At the lab, I research teacher-less learning models that will help solve the aforementioned problem of disparity. The model I study, the variational autoencoder, upon looking at just raw data learns something like two dictionaries – the first allows for data to be translated from an idea that is understandable to us into something concise and understandable for a computer, while the second does the reverse. Researchers now believe that simple and straightforward data concepts will allow for the efficiency of machine-learning algorithms to be improved.

#### Anton Rodomanov, Research Assistant

My academic interests centre on stochastic optimization. The majority of researchers in our lab are focused on thinking up mathematical models (and very complex ones at that), the main goal of which are to translate a specific practical task from human language into the language of mathematics. The resulting mathematical problem can then be solved with the help of purely mathematical methods. In most cases, the mathematical problem is a problem of optimisation, and this problem requires new and effective methods in order to be solved. The development of these new methods is exactly what I work on.

Actually, the development of mathematical models and the development of corresponding optimisation methods are closely related. On the one hand, without an effective optimisation method, the resulting mathematical model would be more or less useless. On the other hand, the new mathematical models that need to be optimised are in turn a unique ‘engine of progress’ in the optimisation.

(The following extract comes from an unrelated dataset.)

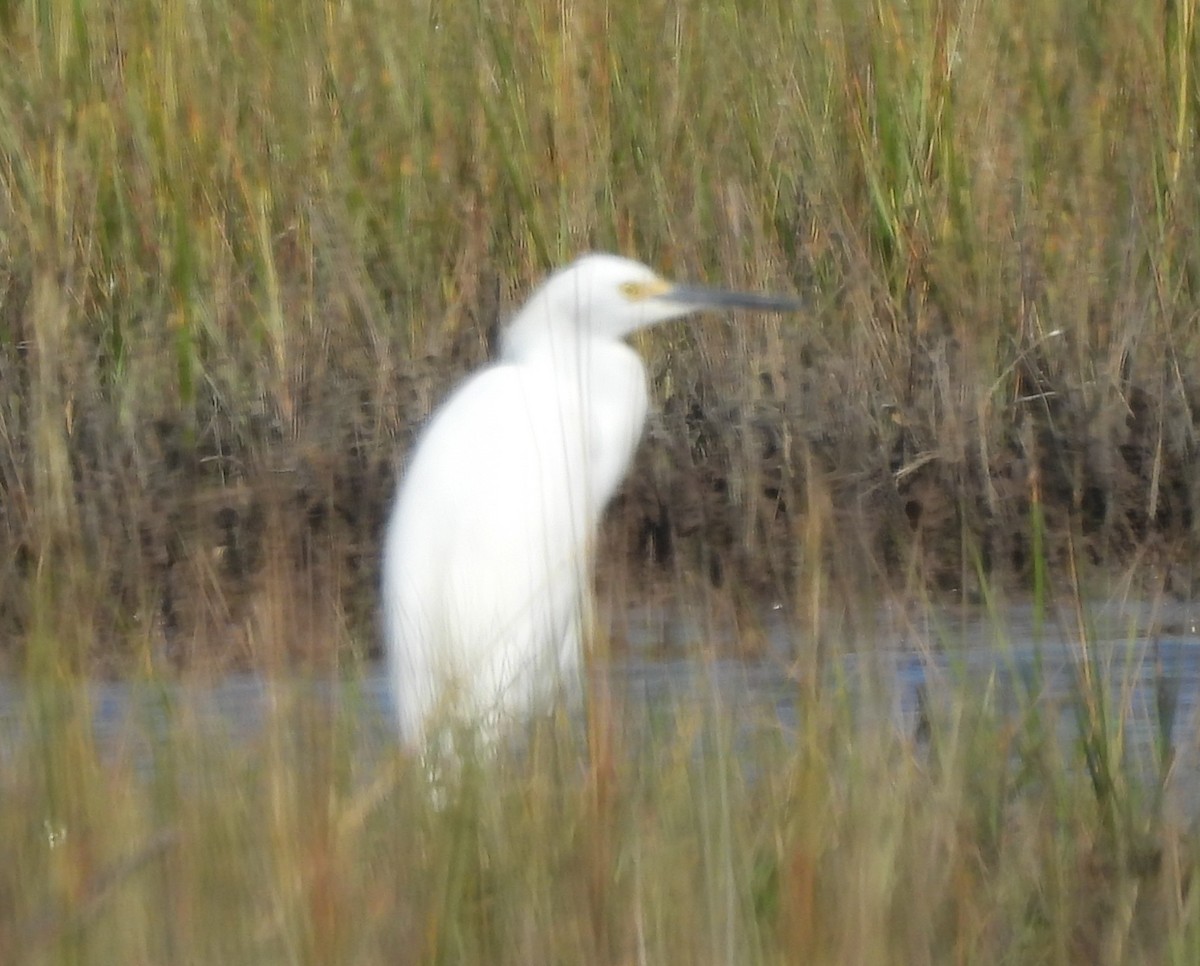Snowy Egret - ML642447174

New models motivate optimisation researchers to look for new tasks and to think up new methods that can effectively solve these new problems (or, conversely, to prove that it is impossible to think up such methods).

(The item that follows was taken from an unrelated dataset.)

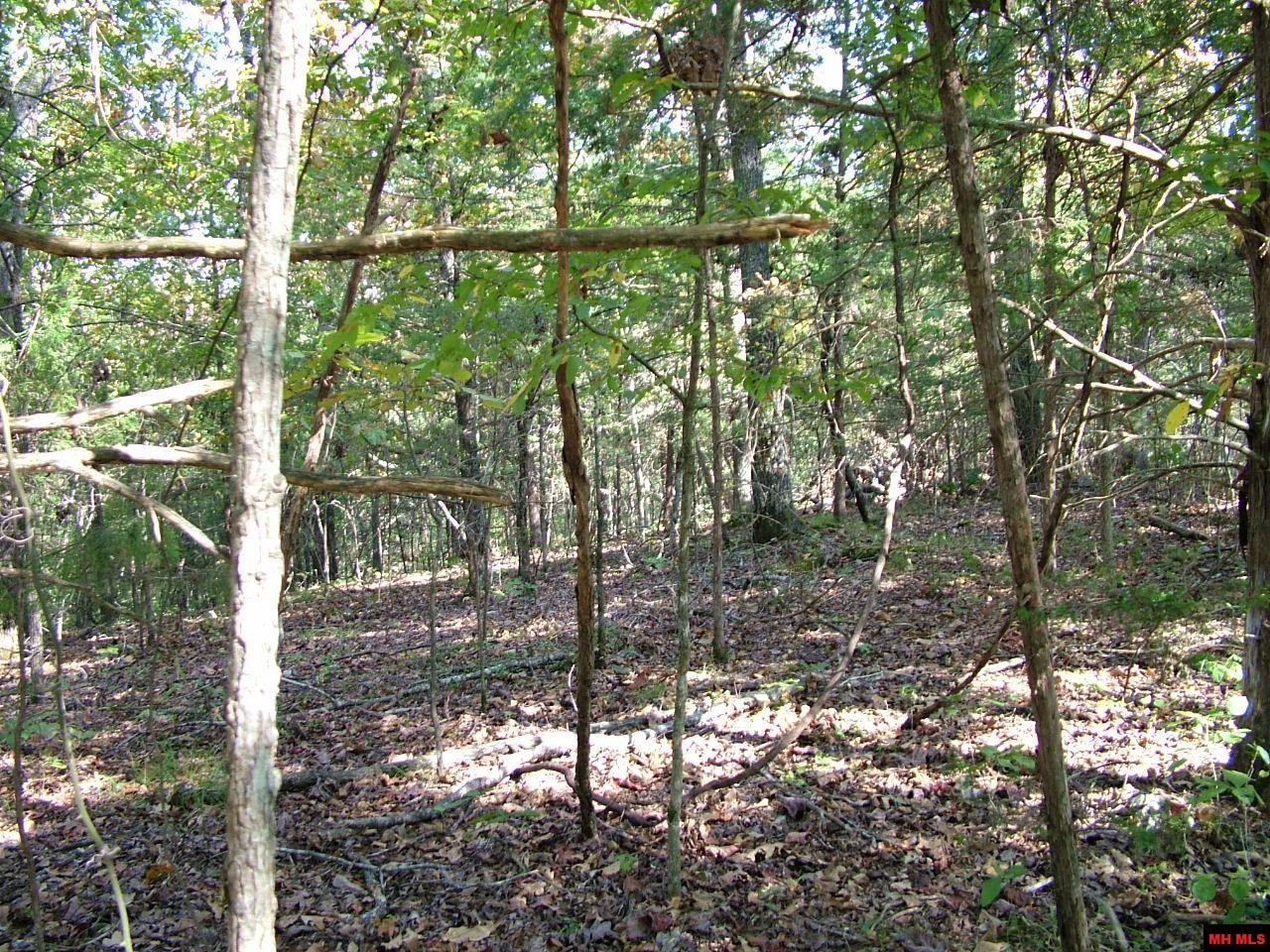 001-00225-001 Mc 6062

#### Nadezhda Chirkova, Manager

Everything we do serves as building blocks in the larger task of creating AI technologies. Any significant progress, whether it’s high-quality algorithms for image recognition or a computer that can beat a human at a game of Go, stems from the achievements of researchers all over the world. Every article that is published relies on the stack of previous works. For example, I am currently working on a project to automatically select hyperparameters in machine-learning language models. The idea behind the project is to further decrease the amount of work a person has to do to build a high-quality model for his or her body of texts. You could say that I’m bridging together two different developments – the results our own research group has achieved and the approach that researchers use at Cambridge. Similar solutions, if they are successful when tested on various problems, are usually integrated into popular machine-learning libraries in order to make it easier for developers and researchers to use these tools.